97.10,97.19,97.25,97.46,97.52,97.63,97.63,97.63,97.70,97.71,97.71,
97.72,97.74,97.75,97.75,97.76,97.78,97.81,97.81,97.82,97.83,97.89,
97.90,97.90,97.91,97.92,97.92,97.93,97.96,97.96,97.98,98.00,98.01,
98.01,98.02,98.02,98.03,98.03,98.03,98.05,98.05,98.06,98.08,98.08,
98.09,98.10,98.11,98.11,98.11,98.11,98.11,98.11,98.12,98.12,98.12,
98.12,98.13,98.14,98.14,98.14,98.17,98.17,98.18,98.18,98.19,98.19,
98.20,98.20,98.21,98.21,98.21,98.21,98.22,98.25,98.26,98.26,98.28,
98.28,98.30,98.31,98.32,98.32,98.32,98.33,98.33,98.34,98.34,98.35,
98.35,98.36,98.36,98.36,98.36,98.37,98.38,98.39,98.42,98.42,98.43,
98.45,98.46,98.46,98.46,98.48,98.48,98.51,98.51,98.51,98.52,98.53,
98.53,98.54,98.54,98.55,98.55,98.55,98.56,98.56,98.57,98.57,98.57,
98.58,98.58,98.60,98.60,98.61,98.66,98.67,98.67,98.67,98.68,98.68,
98.69,98.70,98.72,98.72,98.72,98.73,98.74,98.77,98.78,98.79,98.79,
98.79,98.80,98.80,98.82,98.82,98.83,98.83,98.84,98.85,98.85,98.86,
98.87,98.87,98.89,98.89,98.90,98.92,98.92,98.93,98.97,98.98,98.98,
98.98,99.00,99.01,99.02,99.03,99.04,99.05,99.07,99.08,99.08,99.09,
99.09,99.11,99.13,99.13,99.14,99.15,99.15,99.16,99.20,99.24,99.27,
99.27,99.27,99.27,99.30,99.31,99.32,99.34,99.40,99.42,99.52,99.67,
99.67,99.87
(a) At the 1% significance level, is there enough evidence to conclude that the mean body temperature is less than 98.6◦?

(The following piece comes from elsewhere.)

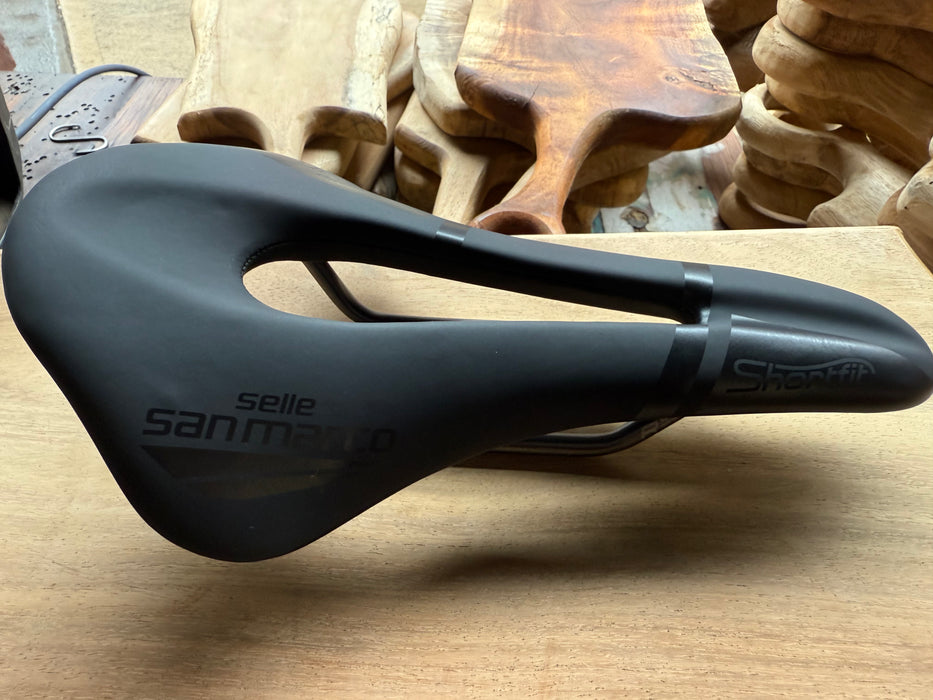 Selle San Marco Shortfit Start Up Saddle 255 x 145mm xsilite Rails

Hypothesis Testing: The researcher formulates the null hypothesis (H0) that the mean body temperature is greater than 98.6°F, and the alternative hypothesis (H1) that it is less. Statistical tests are conducted using a one-sample t-test at a 1% significance level, leading to the rejection of H0. The conclusion is drawn based on the calculated t-statistic and critical t-value.

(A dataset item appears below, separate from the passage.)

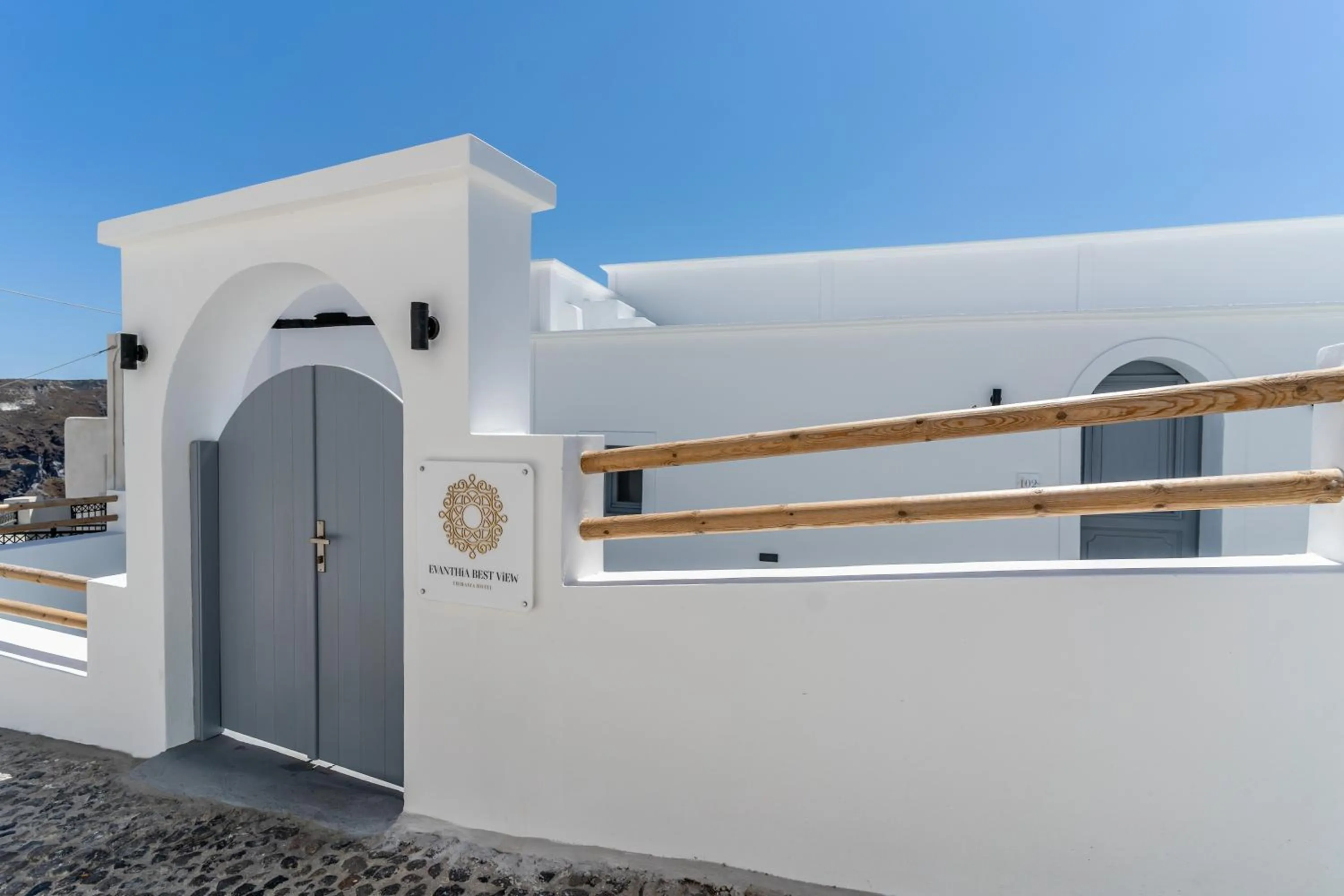 Facade/entrance in Evanthia Best View Thirassia Island Hotel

(b) Find a 95% Confidence Interval for the mean body temperature according to the data.
Confidence Interval: To provide a more nuanced perspective, a 95% confidence interval for the mean body temperature is calculated, offering a range within which the true population mean is likely to fall.
moe <- qt(0.975,df=199)*(sd(temp)/sqrt(200))

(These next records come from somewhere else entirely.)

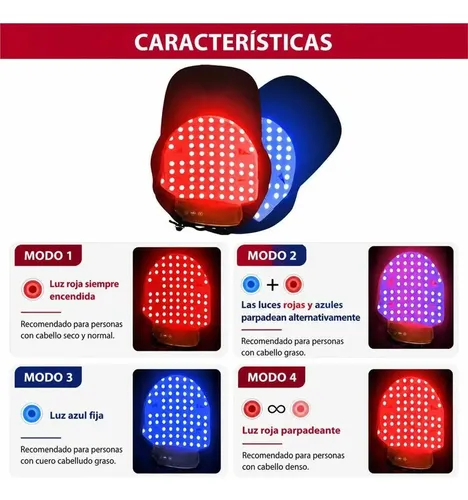 Tratamiento Capilar Led Portátil Reduce Caída Promueve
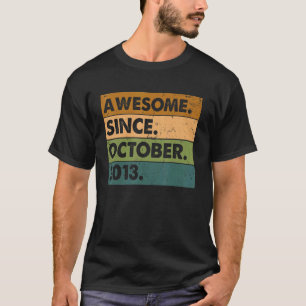 9:e födelsedagen Fantastisk sedan oktober 2013 9 å T Shirt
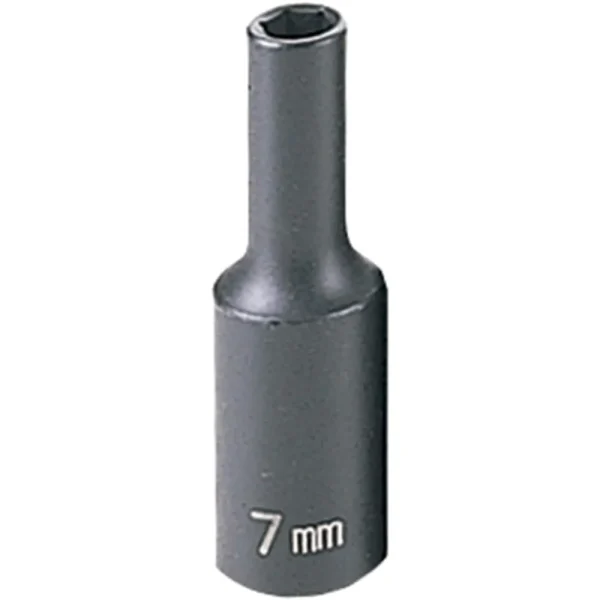 Grey Pneumatic 3/8″ Drive x 7mm Deep Socket (1007MD)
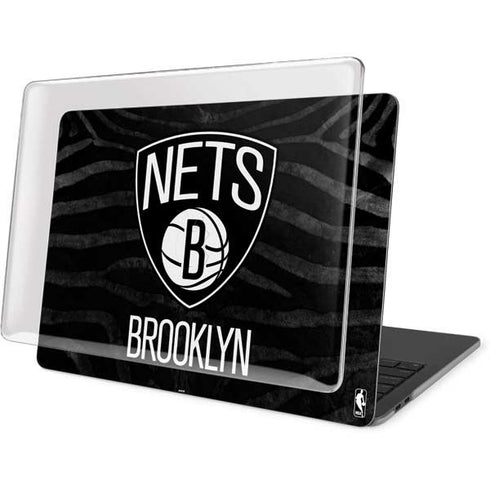 NBA Brooklyn Nets Black Animal Print MacBook Pro 16in (2019-20) Case plus Skin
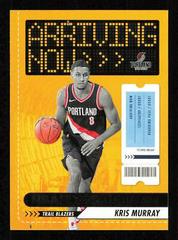 Kris Murray Basketball Cards 2023 Panini Hoops Arriving Now Prices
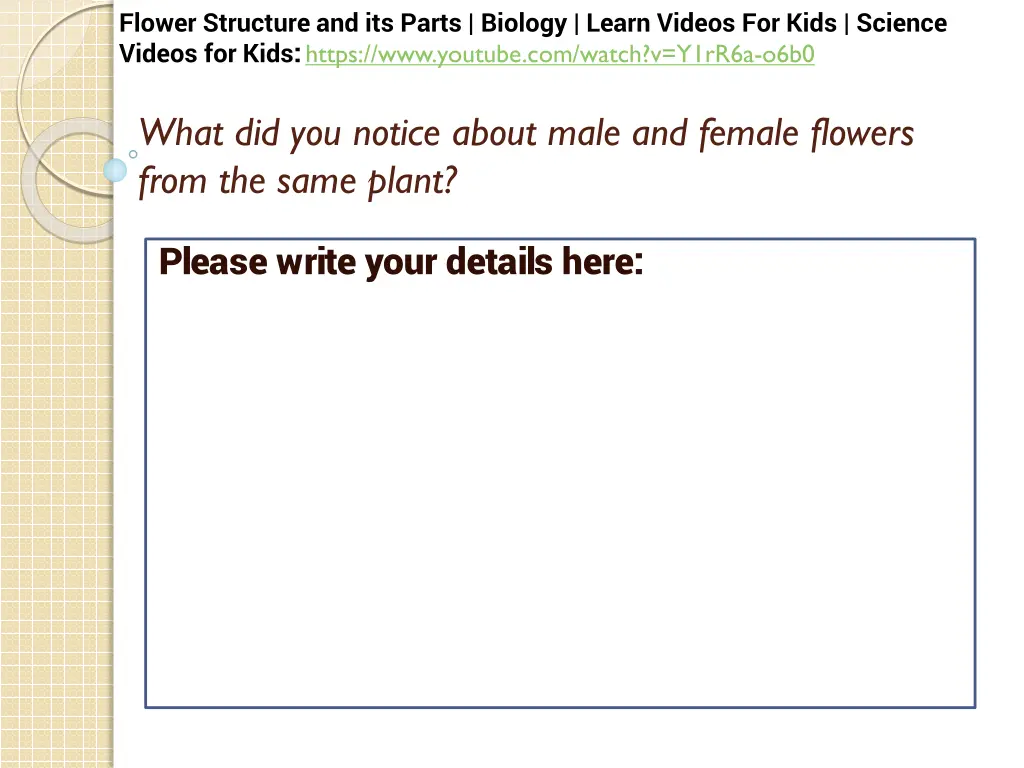 flower structure and its parts biology learn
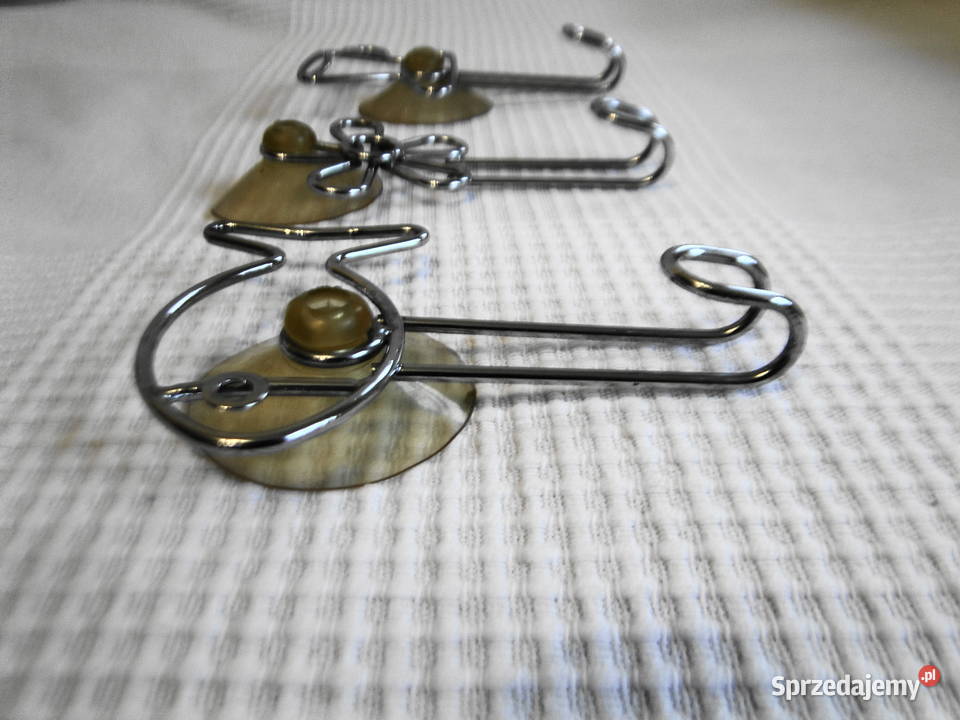 Ozdobne solidne wieszaki 3 bez wiercenia Pozostałe Warszawa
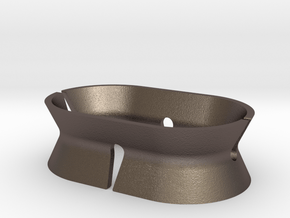 Headphone Holder in Polished Bronzed-Silver Steel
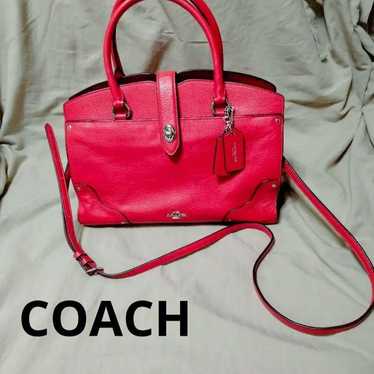 Unused Coach 2-way bag in grained leather - image 1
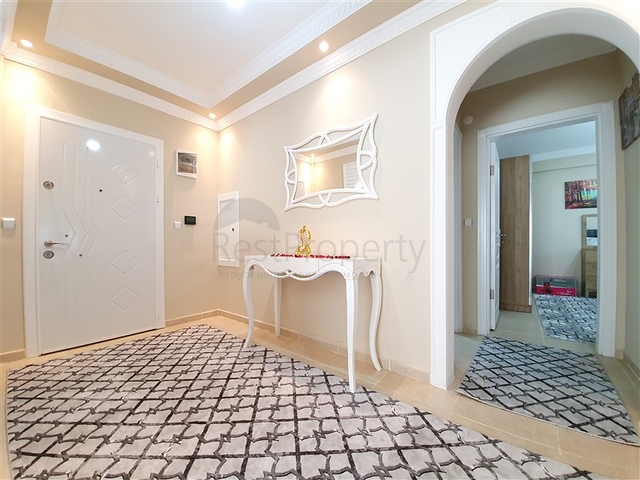 قريبة من البحر - شقة مفروشة - 2 غرفة وصالة - في مهموتلار / الانيا 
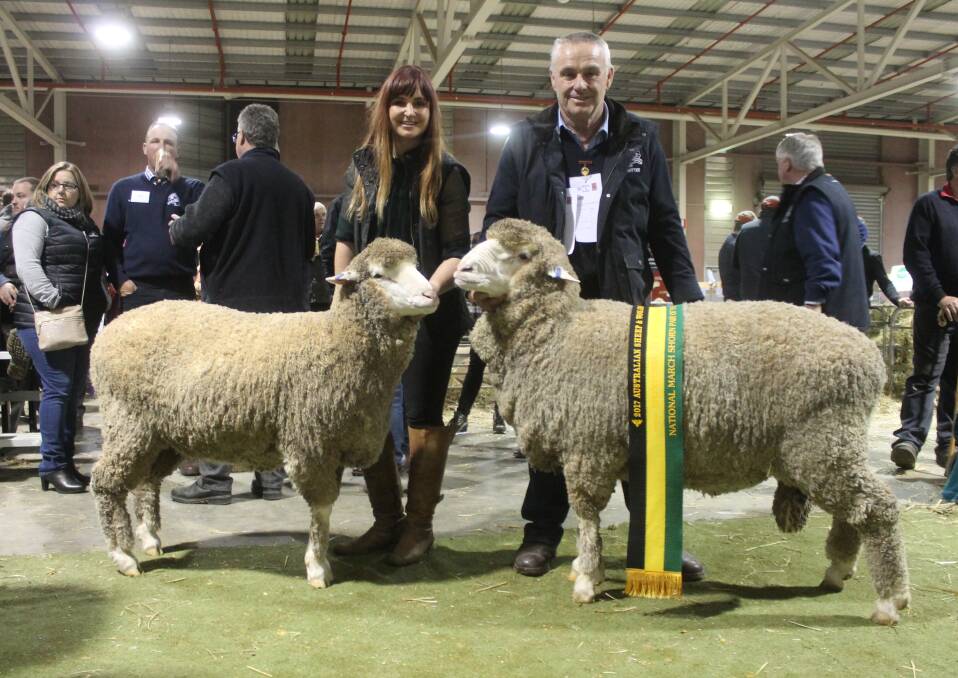 With the National March Shorn Pair are Terrick West's Claire and Ross McGauchie.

CI <- c(mean(temp) - moe, mean(temp) + moe)
CI
CI = (98.39917, 98.54003).
2: Predicting Vehicle Prices through Regression Analysis
Problem Description
As a vehicle owner contemplating selling a 2015 Subaru Forester, you decide to determine the optimal selling price based on comparable vehicles in your area. You collect data on the number of miles and their corresponding asking prices, aiming to establish a linear relationship between these variables.
| Miles | Price |
|---|---|
| 122,498 | $9,850 |
| 39,115 | $16,989 |
| 71,292 | $11,990 |
| 74,632 | $13,490 |
| 81,594 | $15,298 |
| 104,799 | $12,699 |
| 114,317 | $13,999 |
| 77,251 | $14,749 |
| 77,618 | $15,498 |
| 94,820 | $12,598 |
| 79,475 | $13,999 |
Table 1: Conclusive data on the number of miles and their corresponding prices
(a) Run a linear regression to determine the line of best fit. What is the equation for the line of best fit?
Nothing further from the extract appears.